EXERCISE GOAL: Work out how many lines in these entries include the string "Street", and give only that figure.

-------- MATERIAL PROVIDED --------

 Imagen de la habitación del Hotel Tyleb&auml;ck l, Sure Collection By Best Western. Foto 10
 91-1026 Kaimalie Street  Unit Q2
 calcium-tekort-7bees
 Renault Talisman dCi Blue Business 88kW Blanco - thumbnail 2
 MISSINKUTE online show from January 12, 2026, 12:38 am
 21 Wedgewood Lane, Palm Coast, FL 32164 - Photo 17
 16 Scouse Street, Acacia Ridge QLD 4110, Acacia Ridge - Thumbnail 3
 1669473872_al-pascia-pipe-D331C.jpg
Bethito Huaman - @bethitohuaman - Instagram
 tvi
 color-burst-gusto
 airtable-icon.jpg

--------
-------- MATERIAL PROVIDED --------

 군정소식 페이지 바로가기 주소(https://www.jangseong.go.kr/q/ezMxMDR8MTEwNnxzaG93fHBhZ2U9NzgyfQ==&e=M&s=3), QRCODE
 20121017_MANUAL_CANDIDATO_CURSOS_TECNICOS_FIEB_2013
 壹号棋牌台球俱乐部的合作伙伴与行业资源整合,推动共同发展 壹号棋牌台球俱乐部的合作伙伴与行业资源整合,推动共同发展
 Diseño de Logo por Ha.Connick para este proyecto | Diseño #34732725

--------
-------- MATERIAL PROVIDED --------

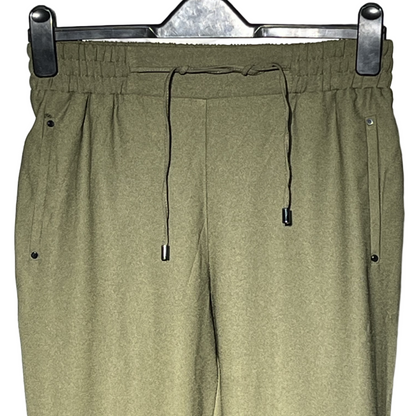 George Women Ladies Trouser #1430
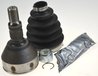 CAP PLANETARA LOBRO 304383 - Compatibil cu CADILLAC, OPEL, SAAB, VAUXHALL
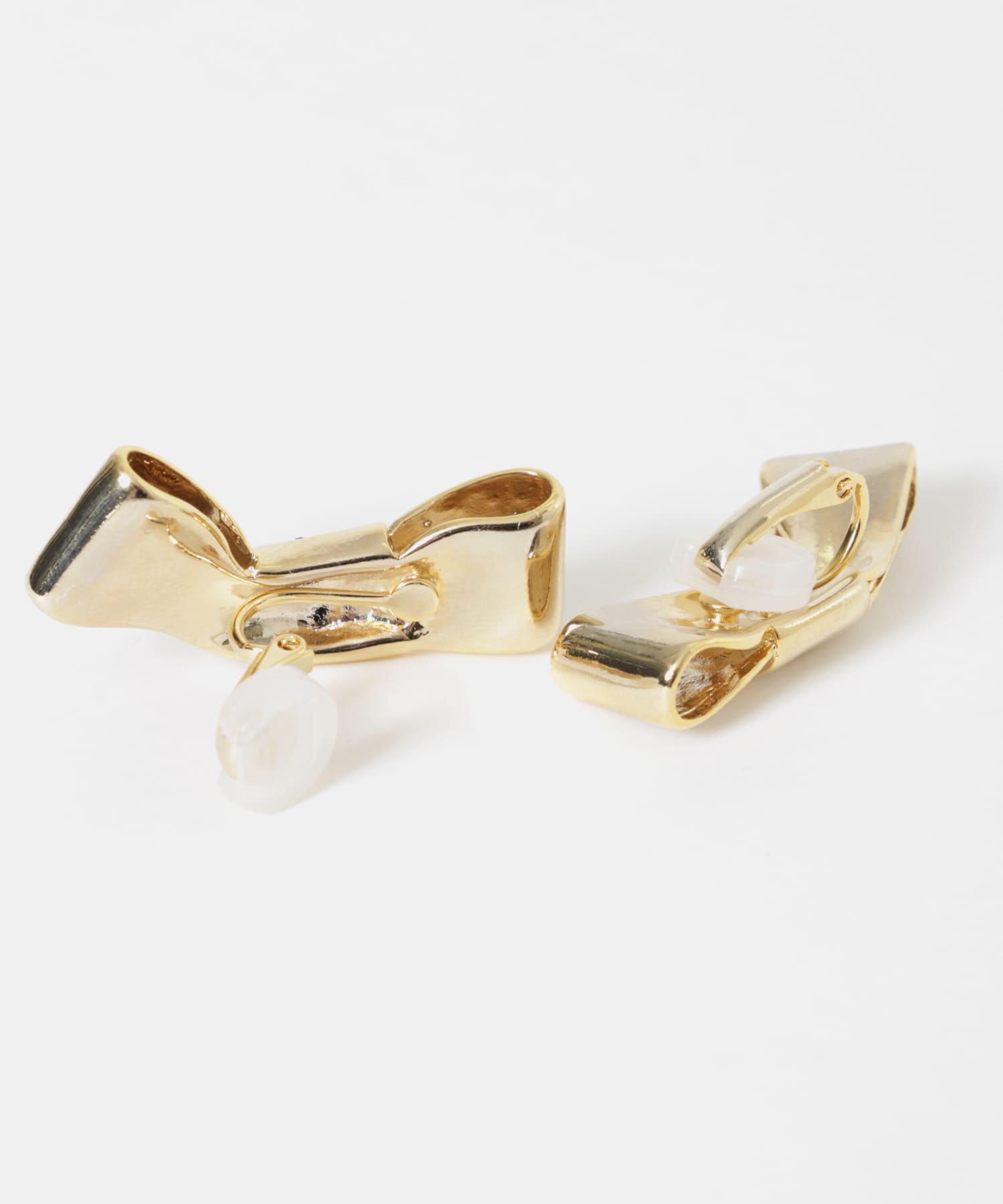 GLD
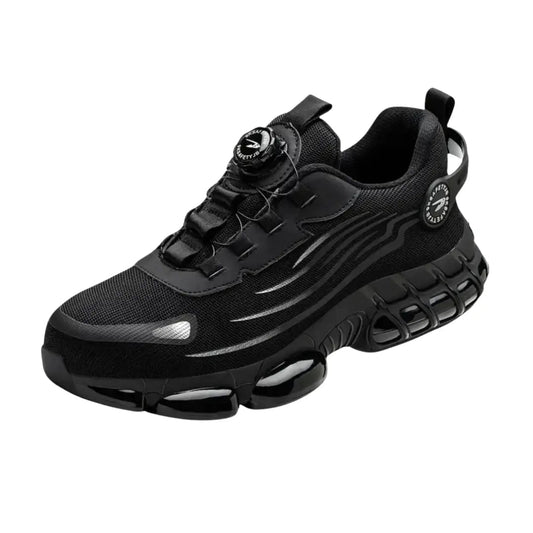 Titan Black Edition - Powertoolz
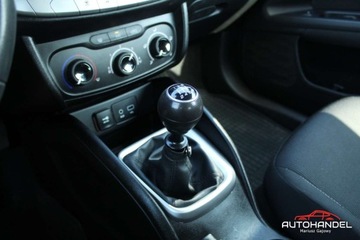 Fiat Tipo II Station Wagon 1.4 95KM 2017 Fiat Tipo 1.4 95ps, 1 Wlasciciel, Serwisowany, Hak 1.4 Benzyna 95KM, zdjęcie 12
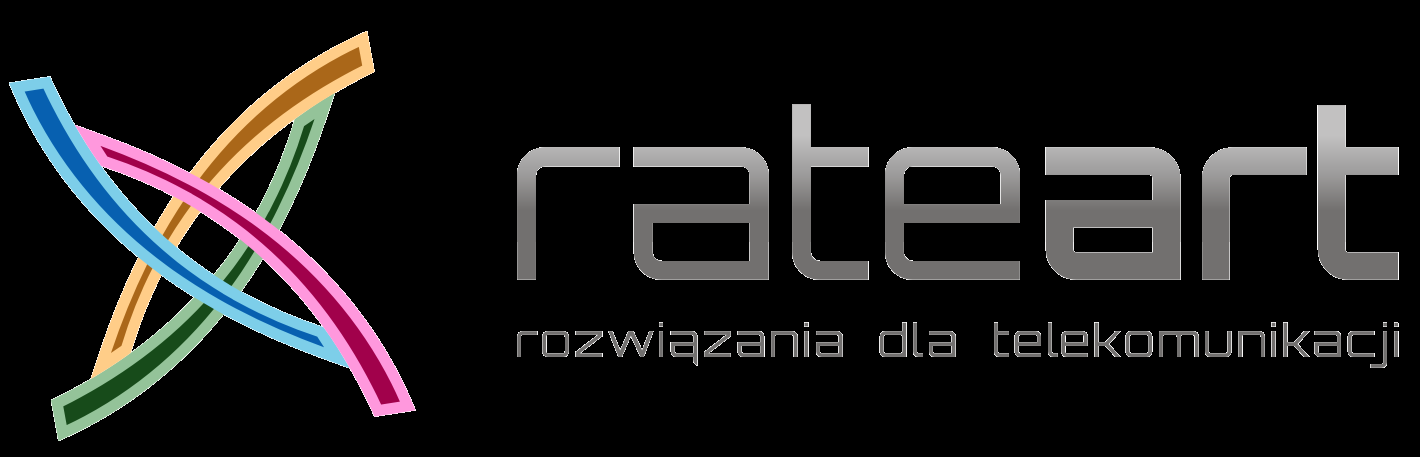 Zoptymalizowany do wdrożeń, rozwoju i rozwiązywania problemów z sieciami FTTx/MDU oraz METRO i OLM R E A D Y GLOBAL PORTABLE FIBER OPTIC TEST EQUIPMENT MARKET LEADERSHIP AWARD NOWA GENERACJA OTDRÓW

--------

TASK ANSWER: 2